Dengan asumsi bekerja selama 12 jam sehari di luar waktu tidur, makan, minum dan aktivitas personal lainnya, maka pembahasan UU Cipta Kerja telah memakan waktu selama 1.908 jam. Rata-rata hampir 11 jam untuk perumusan setiap pasal baru dan 1,5 jam untuk memeriksa setiap pasal lama dalam 79 UU lainnya dikoreksi. Bersamaan dengan itu, setiap jamnya dibahas 4 poin isu yang ada di dalam Daftar Inventarisasi Masalah (DIM), cukup 15 menit saja untuk setiap poin isu.
Dengan asumsi-asumsi itu saja pembahasan UU Cipta Kerja sudah sangat layak dimasukkan dalam MURI, apalagi jika asumsinya diturunkan dengan tetap menghitung hari raya, hari libur nasional dan tidak bekerja 12 jam setiap harinya, bisa jadi layak juga diusulkan untuk masuk dalam The Guiness Book Of Records.

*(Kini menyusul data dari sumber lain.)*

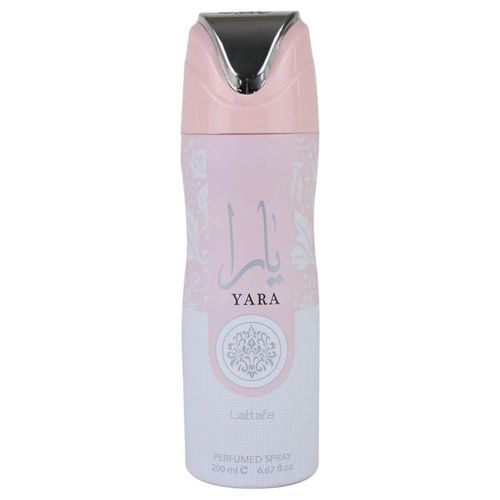 Yara by Lattafa perfume spray for women 6.67 oz New Deodorant Spray 6.7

Saya bukan akademisi maupun praktisi hukum yang memahami apalagi ahli dalam urusan “legal drafting”, karena itu saya sangat menaruh kagum pada kemampuan anggota parlemen yang mampu bekerja dengan begitu amat cepatnya. Saya juga bukan seorang guru besar yang memiliki kompetensi akademik terkait dengan salah satu atau salah dua dari 11 klaster dalam UU Cipta Kerja, apalagi sampai dengan tulisan ini dibuat saya belum mendapatkan versi utuh UU ini sebagaimana yang disahkan dalam paripurna DPR-RI tanggal 5 Oktober kemarin.

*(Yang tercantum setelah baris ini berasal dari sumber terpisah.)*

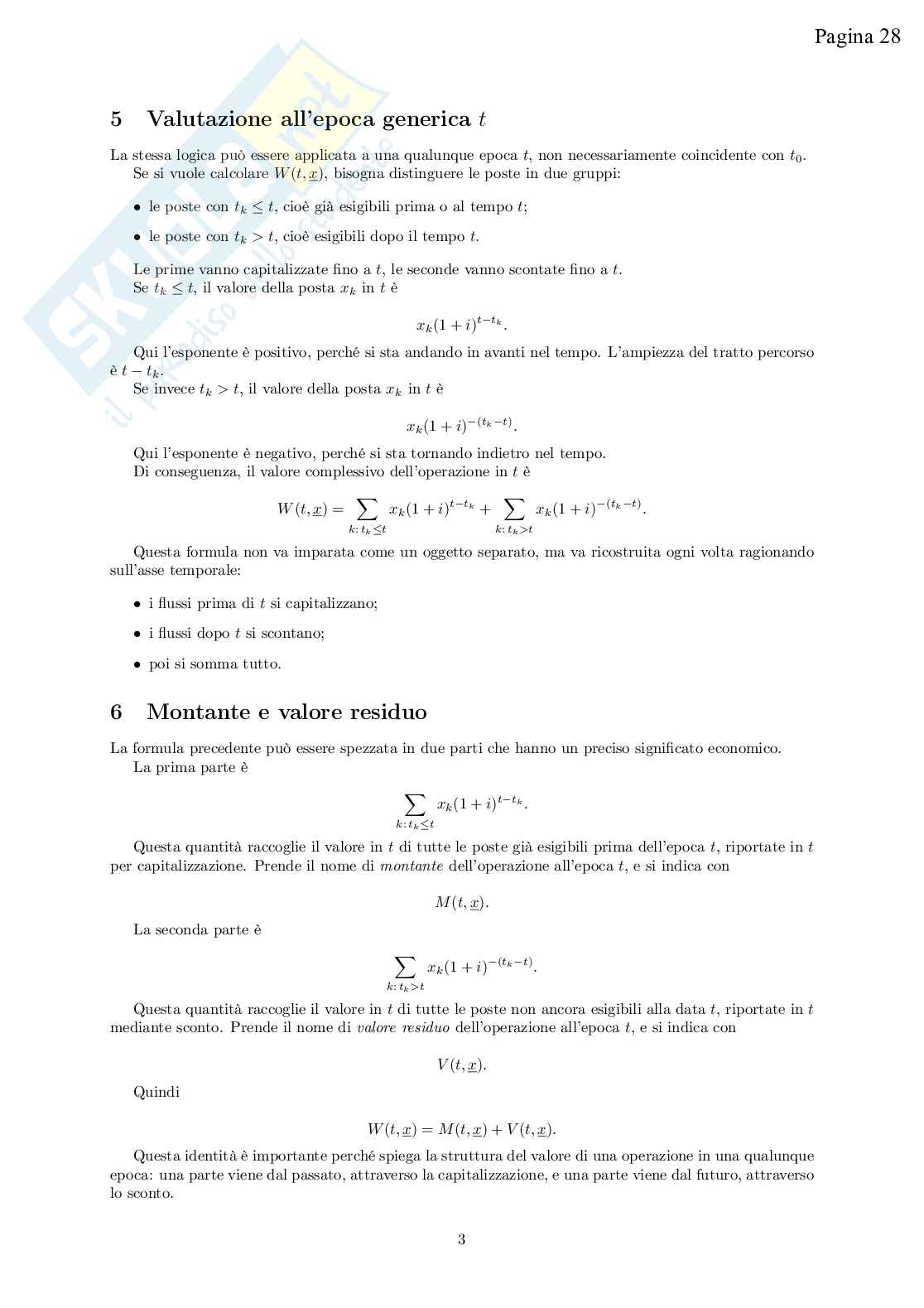 Matematica finanziaria – Appunti dettagliati completi del corso Pag. 31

Karena itu saya tidak akan gegabah membahas detail pasal per pasal seolah-olah saya sudah membaca dan membandingkannya dengan 1.203 pasal dari 79 UU lain yang terkoreksi. Saya hanya ingin membahas spirit yang berulang-ulang telah dan masih terus disampaikan oleh Presiden Jokowi dan para pembantunya, spirit yang menjadi ruh dilahirkannya UU Cipta Kerja, menarik investor-investor dunia untuk berinvestasi dan membuka jutaan lapangan pekerjaan di Indonesia.
Saya akan menjadikan dua buah buku laporan sebagai alat bantu analisa dalam tulisan ini, buku Global Investment Competitiveness Report khususnya chapter Foreign Investor Perspectives and Policy Implications tahun 2017 dari World Bank dan buku The Global Competitiveness Report 2019 dari World Economic Forum, dua buku laporan yang tentu menjadi acuan bagi banyak negara di dunia termasuk Indonesia.
Bagi saya laporan Bank Dunia itu menarik karena memuat hasil survei terhadap 754 orang eksekutif dari berbagai perusahaan multinasional berpengaruh yang sebagian besar masuk dalam daftar World Fortune 500 Companies, survei itu menanyakan faktor-faktor apa saja yang paling mempengaruhi keputusan para investor jika ingin berinvestasi di negara berkembang termasuk Indonesia.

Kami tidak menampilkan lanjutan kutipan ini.